Logging Loses Money, Agency Says -- Forest Service Accounting Reaches That Conclusion For First Time

WASHINGTON - The U.S. Forest Service is acknowledging for the first time that taxpayers are losing money logging national forests.

Environmentalists charged yesterday that the agency reached that conclusion months ago but kept it secret while Congress debated proposals to slow construction of logging roads.

"They've known this since March," said Michael Francis, a former congressional aide who runs the national forest program at The Wilderness Society. "They have been sitting on the numbers for their own political reasons."

Forest Service officials denied that. Due out last spring, agency officials say they still have not formally completed the annual report on logging revenue and expenses for the fiscal year that ended Sept. 30, 1996.

A draft of the report, first reported by The Washington Post yesterday, says the government spent nearly $15 million more on the logging operations than private timber companies paid to purchase the wood.

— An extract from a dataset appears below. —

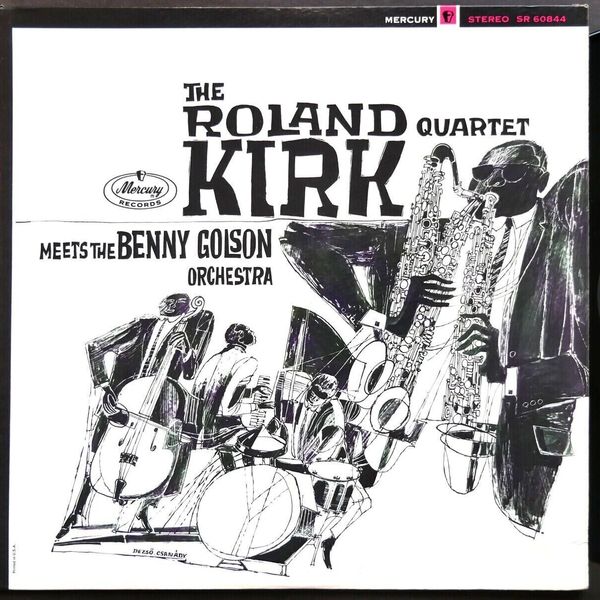 The Roland Kirk Quartet Meets The Benny Golson Orchestra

"For the first time since we have reported such information, expenditures for the program-as-a-whole exceeded revenues for the program-as-a-whole by some $14.7 million," Deputy Forest Service Chief Robert Joslin said in a copy of the draft obtained by The Associated Press.

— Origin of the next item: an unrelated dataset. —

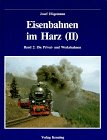 Beispielbild fr Eisenbahnen im Harz II. Die Privat- und Werksbahnen [Hardcover] zum Verkauf von BUCHSERVICE / ANTIQUARIAT Lars Lutzer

"This pattern can be expected to continue in the future as we place more and more emphasis on using timber sales as a management tool for achieving objectives other than fiber production," he said.

A Forest Service spokesman, speaking on condition of anonymity, said the report was late "truly more because of bureaucratic inefficiency than any conspiracy." The declining numbers follow a seven-year trend, he said, and reflect the agency's increased emphasis on environmentally sensitive logging.

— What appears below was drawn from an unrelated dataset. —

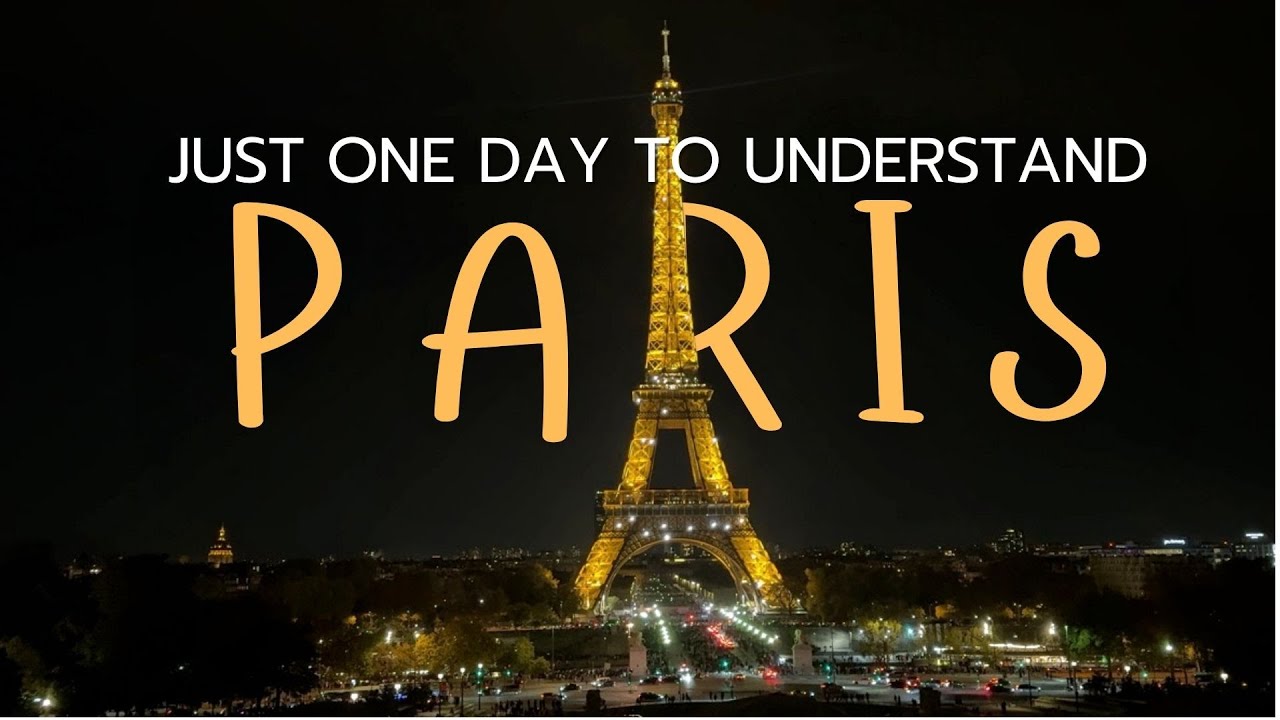 Paris in One Day | A Complete Travel Guide Documentary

"It costs more money to selectively harvest trees than it does to clear-cut them," he said.

The 1996 report will mark the first time the Forest Service has concluded, based on its own accounting practices, that the logging is a money loser.

Environmentalists long have accused the Forest Service of using accounting tricks to hide the fact it loses money on commercial logging.

For example, the Forest Service does not count as a cost the one-fourth of all timber sale receipts returned to rural counties where the forests are located.

The agency maintains that sharing the profits is a legal requirement and comes off the top before figuring expenses against revenue.

But conservationists say it clearly is a cost of the logging program because that money - $240 million in 1996 - is not returned to the U.S. treasury and reflects a loss to overall taxpayers.

Before last year, the logging-revenue numbers always were made public in February or March, Francis said. He said he had been pressing the agency since March for release of the new numbers.

"We knew they were done because we have sources in the Forest Service who we work nicely with and they told us," Francis said.

The last attempt to get the figures came in September as the Senate prepared to vote on an amendment to end the agency's construction of new logging roads. The amendment failed 51-49.

"It would have given us additional information before members of Congress to show how bad the commercial logging program is at the Forest Service," Francis said.